BILD
Using Flexibility and Real-time Data to Improve Math Scores by a Full Grade
Role: UX Lead
Length: 4 years
Type: B2B SaaS
Scope: I led the UX team, serving as both lead UX researcher and lead UX designer. My product managers also relied on me to simplify workflows and write intuitive UX copy.
Education is a market where technology and customer satisfaction are well behind the curve. Much like the clichéd, chaotic, and often crummy carnival parks of the 1940’s that motivated Walt Disney to create Disneyland, we created Math and You as something firmly rooted in the modern web that serves the needs of modern teachers. We sought to bring innovation to the people in our quest to leave them touched, moved, and inspired by mathematics, just as Walt wanted to move, and inspire the people of the 1950’s.
This is the story of how I led a team of designers in the design of a moonshot called Math and You, one of the first learning platforms driven by real-time student progress data and fully customizable learning. Our goal was to build an accessibility-first experience that integrated the three phases of teaching- Plan, Teach, Assess- into one cohesive whole that facilitated learning rather than just enabling it across disparate tools.
Thus, Math and You was born. Combined with the Big Ideas Learning curriculum, Math and You has been shown to boost math scores by up to a full letter grade.
“You have to build the best technology that you’ve ever built in your life; and then you have to make it invisible.” - Jon Snoddy, Walt Disney Imagineering
The Challenges
Creating a digital first experience in an environment that was historically print first.

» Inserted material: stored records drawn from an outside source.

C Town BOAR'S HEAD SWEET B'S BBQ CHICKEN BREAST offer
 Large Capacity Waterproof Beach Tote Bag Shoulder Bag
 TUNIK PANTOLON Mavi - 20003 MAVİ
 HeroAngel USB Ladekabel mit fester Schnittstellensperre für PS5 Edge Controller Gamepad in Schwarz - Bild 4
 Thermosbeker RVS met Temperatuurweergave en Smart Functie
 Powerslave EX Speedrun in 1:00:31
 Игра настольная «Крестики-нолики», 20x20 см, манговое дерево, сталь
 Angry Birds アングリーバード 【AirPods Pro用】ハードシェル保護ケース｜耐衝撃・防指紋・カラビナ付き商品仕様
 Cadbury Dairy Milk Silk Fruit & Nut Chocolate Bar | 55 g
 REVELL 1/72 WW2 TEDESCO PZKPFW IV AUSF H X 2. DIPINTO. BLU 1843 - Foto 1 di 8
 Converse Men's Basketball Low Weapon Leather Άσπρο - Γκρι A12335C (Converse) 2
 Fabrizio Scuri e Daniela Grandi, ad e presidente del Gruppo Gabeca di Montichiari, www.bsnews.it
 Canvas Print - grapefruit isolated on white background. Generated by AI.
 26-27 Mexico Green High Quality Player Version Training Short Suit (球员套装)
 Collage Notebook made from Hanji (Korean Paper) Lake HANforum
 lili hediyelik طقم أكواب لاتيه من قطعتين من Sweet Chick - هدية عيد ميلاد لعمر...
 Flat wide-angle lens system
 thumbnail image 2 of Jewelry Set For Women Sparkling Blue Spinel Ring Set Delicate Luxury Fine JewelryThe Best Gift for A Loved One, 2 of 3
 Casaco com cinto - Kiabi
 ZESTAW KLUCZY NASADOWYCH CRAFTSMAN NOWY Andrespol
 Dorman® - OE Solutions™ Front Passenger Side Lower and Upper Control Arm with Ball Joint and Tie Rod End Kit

Building a design ops practice.
Building a UX research practice.
Adapting existing code into something cutting edge.
And one more thing: doing all of it in three years instead of five.
The Results
Launching a lovable MVP in three years.
Co-building and managing a component design system in Figma.
Continuing card sorts, interviews, and quarterly surveys.
Leading company adoption of Figma and FigJam.
Customer feedback stored centrally in Pendo.
App-wide analytics enablement in Pendo for agile UX data.
The Process
How might we help teachers assess student progress, adapt to student needs, and do so efficiently?
Problem Space
We gained an intimate view of the current teaching experience and learned that:
Teachers don’t have enough time to teach. Any inefficient UX is abandoned.
Teachers never follow one textbook exclusively.
Every teacher has a deeply unique style, but all leverage data-driven instruction.
Students often start the year lacking foundational math skills, especially after COVID.
Design Goals
To allow teachers to assess students and meet them where they are.
To create highly efficient workflows.
To allow teachers to quickly and easily customize their online classes.
UI and Features
Research
We started by putting users at the core of our design.
We learned their demographics and how each experienced museums, including their best and worst experiences.
Then we learned from their experience.
We interviewed 5 museum goers ranging from tourist to enthusiast. They told us what mattered to them during their visit and what makes a great museum.
Their insights became our design
They told us that they valued an individual, immersive experience that connected them to the pieces and engaged them intellectually. However, natural history museums were stale, boring, or for children.
Tour experiences were a key theme and audio and human guides were frequently clumsy, a hassle, and provided incomplete information.
Design
1: Low Detail
We brainstormed how we’d address each feature.
As an Agile UX team, we collaborated and improved on each other’s ideas so that we committed ourselves to the best solution.
We picked the best idea for each feature, revised it, and made it part of our MVP.
Narration Text Design
Initial Off-Screen Callout Design
Initial UI Design
Revised UI Design
2: Medium Detail
We tested our prototype with users.
Users showed us that:
They wouldn’t want to hold their phone continuously, making audio narration a key feature.
The prominent size and color of the “AR Active” indicator made it look like a button.
Numbered fact callouts suggested that
users should tap them in order.
Mid-Detail Usability Results
3: High Detail MVP
High Detail Usability Results
We made changes and tested our final MVP with more users.
What changed:
FAQ copy that reflected how users verbalized tech issues.
Intuitive zoom added.
Removing numbers from fact callouts.
Adjustable knowledge level settings for children, adults, and enthusiasts.
Takeaways
Text labels are more accessible than icons. Users would rather be “insulted” than frustrated.
Natural mappings work. Of the two ways to adjust knowledge depth, all users intuitively swiped the dial.
What one user loves, another finds distracting. Keep it simple.
UX means authentic inclusion. Authentic inclusion means going beyond convention and never assuming. Syncing audio narration and text for accessibility was enjoyed by all users.